The occurrence of word splitting is why spaces are discouraged in filenames. You may have noticed the file
with name `CISC220 Assignment solutions.zip`. If you try to unzip the file like so:

In [None]:
unzip CISC220 Assignment solutions.zip

you will see that the `unzip` program complains that it cannot find the file `CISC220`. Word splitting has
resulted in the filename being broken up into three separate words: `CISC220`, `Assignment`, and `solutions.zip`.
Quoting or escaping the spaces in the filename are needed to suprress word splitting.

The shell uses the *internal field separator*
variable `IFS` to store the field separator characters. By default `IFS` contains 
the characters corresponding to the space, tab, and newline characters. Each character currently stored in `IFS`
is considered to be a valid field separator. If two or more field separator characters occur adjacent to
each other then the shell treats them as a single field separator.
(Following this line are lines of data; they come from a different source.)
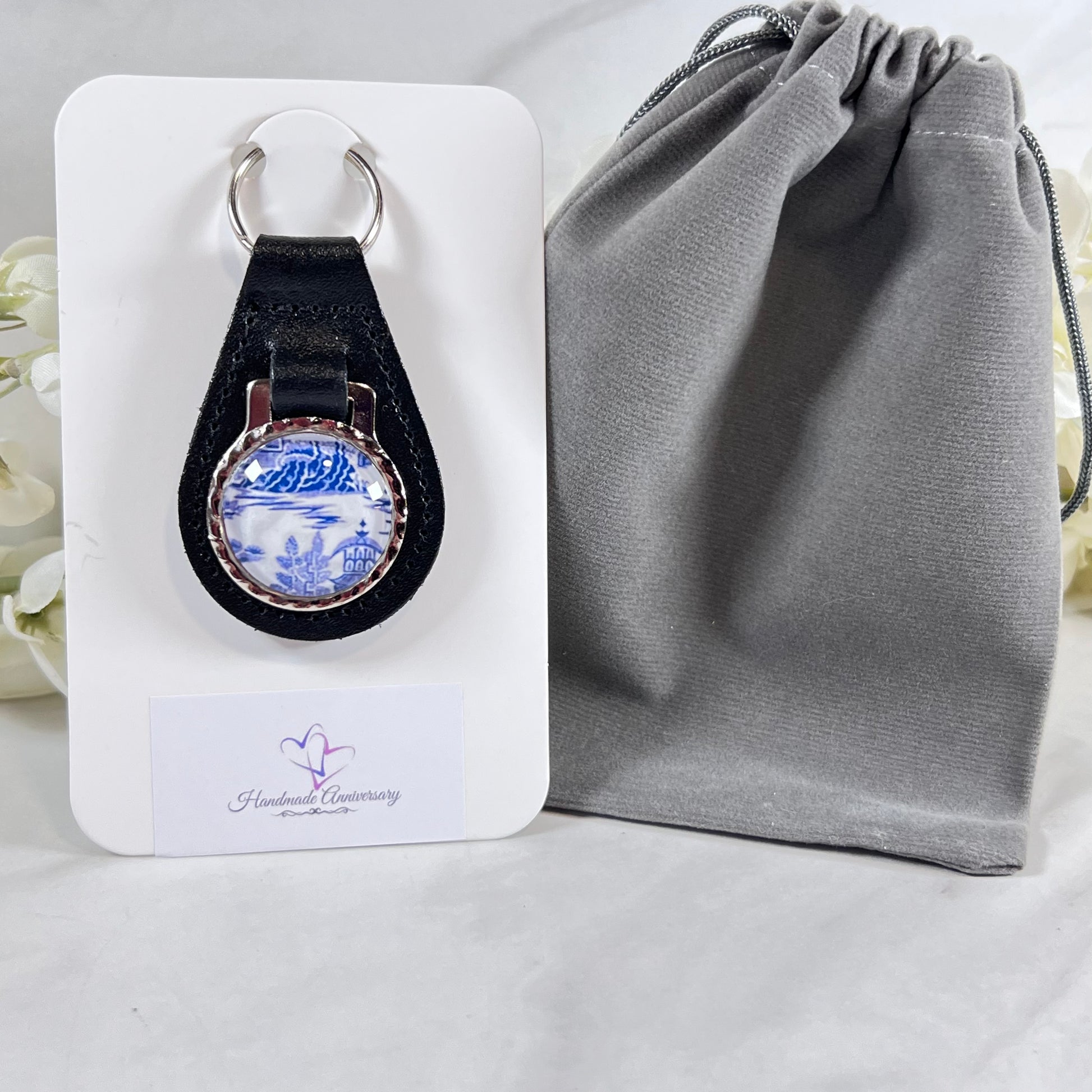 Willow 9th Anniversary Leather Key Fob Handmade-Keyring-Handmadeanniversary-Handmade Anniversary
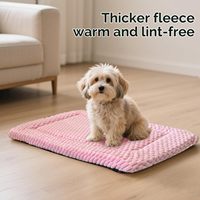 Tapis de lit pour chien confortable et doux, coussin durable pour cage, tapis de couchage universel pour chiens et chats, adapté pour cage, niche et usage intérieur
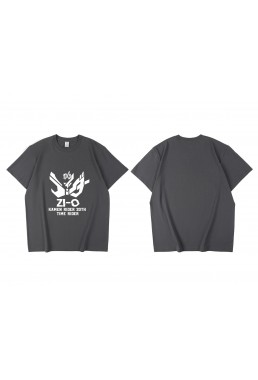 Wholesale Kamen Rider Zi O Short Sleeve Mens Graphic T-Shirts Fashion Printed Tops Cosplay Costume T Shirts For Women's
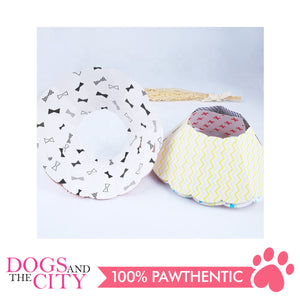 DGZ High Quality Paper Elizabeth Collar 2 Pieces for Dog and Cat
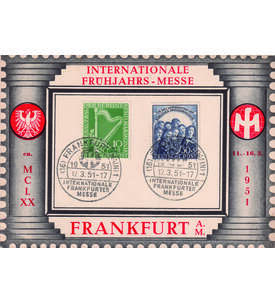 Berlin Philharmonie 1950 Nr. 72-73 auf Sonderkarte mit Sonderstempel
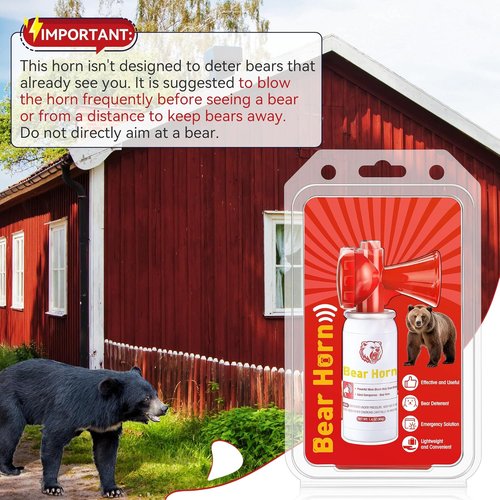 Bear Horn | 120dB Loud Air Horn for Bear Safety - 1.4oz, Effective for Hiking & Wildlife Defense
Note that word splitting occurs after all other expansions except for filename expansion. This can cause
surprising results. Consider the following string containing multiple default field separators:

In [None]:
str="field1    field2       field3


field4"

To use the value of `str` we use the parameter expansion `$str`; however, word splitting occurs *after
the parameter expansion*. Try printing the value of `str` using echo:

In [None]:
echo $str

Notice that the mulitple spaces between `field1` and `field2`, `field2` and `field3`, and the three newline
characters between `field3` and `field4` are all replaced with a single space. 

It is sometimes useful
to manipulate `IFS` to modify how word splitting is performed. For example, suppose that you have a string
containing comma separated fields (in this case, a student number, last name, first name):

In [None]:
str="123456,Ester,Polly"

By temporarily changing the value of `IFS` we can modify the behavior of word splitting:

In [None]:
# temporarily change IFS
OLDIFS=$IFS
IFS=","

echo $str

# restore IFS so that word splitting behaves as normal
IFS=$OLDIFS

The sequence of fields produced by word splitting can be processed using a `for` loop:

In [None]:
# temporarily change IFS
OLDIFS=$IFS
IFS=","

for field in $str; do
    echo $field
done

# restore IFS so that word splitting behaves as normal
IFS=$OLDIFS

Alternatively, the list of fields can be passed to another command or function for processing.

There are many rules describing the precise behavior of word splitting. These rules are described in https://www.gnu.org/software/bash/manual/html_node/Word-Splitting.html

## Filename expansion

The last expansion that occurs is filename expansion that occurs when wildcards are used. See the *Filename expansion* notebook for details.